Franco Franchi e Ciccio Ingrassia – Il concerto – courtesy www.francofranchi.it
Ancora anni travagliati vengono affrontati dall’artista, durante i quali prova la dura vita, e la vergogna, del carcere, ma, all’inizio degli anni ’50 la svolta: il suo incontro, peraltro casuale con Ciccio Ingrassia. La storia della coppia artistica si racconta con un numero. Insieme realizzarono 132 film. Ma il loro fu un rapporto che spesso dimostrò momenti di forte stridore, anche attraversò esternazioni pubbliche durante le loro numerose apparizioni televisive. Tutti abbiamo riso con i loro film. Quando però Franco Franchi realizzò un film con i soldi di Cosa Nostra, subì l’ostracismo da parte dai salotti bene di questa città, quelli frequentati dalle stesse persone che quotidianamente erano complici con il sistema mafioso. Molto spesso, in questa città, la colpa è farsi scoprire, più che commettere illeciti. L’ipocrisia vinse sui rapporti umani. Distaccarsi da lui voleva dire distaccarsi dai poteri mafiosi, perlomeno alla luce del sole.

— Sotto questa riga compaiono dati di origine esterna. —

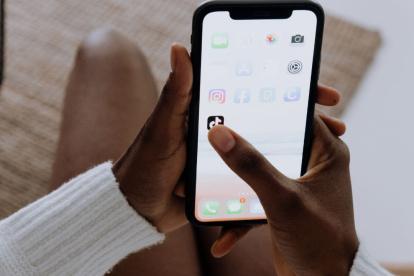 Plataforma. Plataformas como Tiktok pueden generar desinformación sobre temas relevantes de salud, según la fuente que se visualice.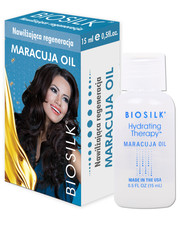 odżywka do włosów BioSilk Hydrating Therapy Maracuja Oil 15ml - AmbasadaPiekna.com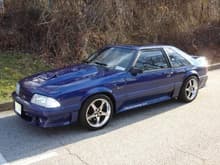 88 GT Sold this one but not forgotten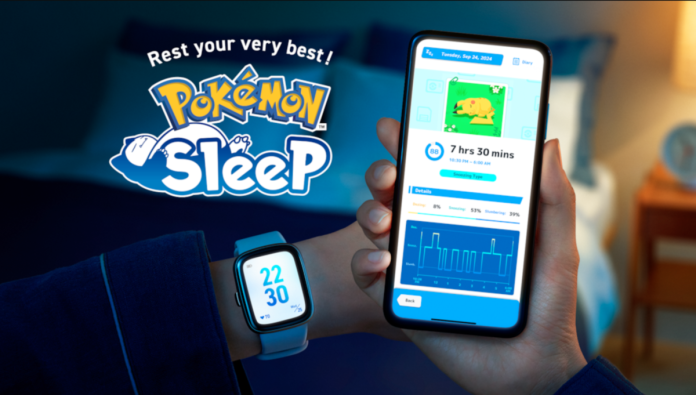 Το Pokémon Sleep υποστηρίζει τώρα έξυπνα ρολόγια για πιο ακριβή παρακολούθηση
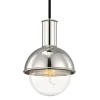Capped Globe Pendant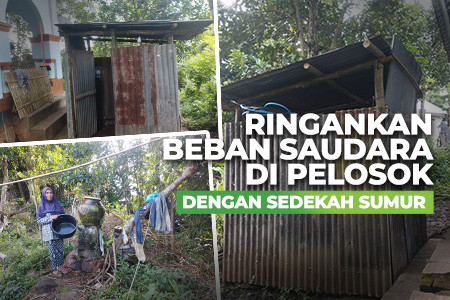 Warga Desa Montong Gamang Kesulitan Air Bersih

I funerali di Franco Franchi – courtesy www.francofranchi.it
Quindi la memoria di Franco Franchi, a venticinque anni dalla morte, come sarà celebrata? “Il cult celebra il cult”, potremmo dire. Nei giorni 9 e 10 dicembre, al cinema De Seta, presso i Cantieri Culturali della Zisa, l’associazione Lumpen organizza una full-immersion culturale sulla figura dell’illustre palermitano. A ripercorrerne la storia ci saranno Ficarra e Picone, il critico cinematografico Marco Giusti e il regista Franco Maresco, autore nel 2004 di ‘Come inguaiammo il cinema italiano’, il documentario più completo mai dedicato alla vita e all’arte di Franchi e Ingrassia. Nel corso delle serate, curate da Maresco e Uzzo, saranno proiettati i filmati rari e foto inedite di Franchi e Ingrassia sui set, in teatro e nella vita privata, come pure si potranno visionare rare locandine e poster, materiali messi a disposizione dal collezionista Simone Di Bella. “Franco Franchi è stato, insieme a Ingrassia, l’ultima grande maschera dello spettacolo italiano del Novecento – dice Maresco – rappresentante amatissimo di un’anima popolare che con lui si è estinta per sempre “. Altri appuntamenti nel lungo week-end: sabato 9 dicembre alle 11:00, presso la Chiesa di Casa Professa, là dove si tennero i suoi funerali, sarà celebrata una Messa commemorativa. Inoltre, domenica 10 dicembre, alle 16:30, in memoria di Franco Franchi, verrà intitolata l’aula teatro della Piccola Accademia dei Talenti in via Parlatore. Qualcosa si muove. Magari questa rappresenta l’occasione per ricominciare a parlare di te, Francesco, figlio del ventre molle di questa città, figlio della sua lagnusia e della sua ipocrisia. Ci stai guardando dall’alto e, sicuramente, te la stai ridendo. Grazie per le sane risate che ci hai regalato. Grazie per la maschera gommosa che è stato il tuo viso. Grazie per la sfrontatezza con cui hai deciso, o potuto, vivere.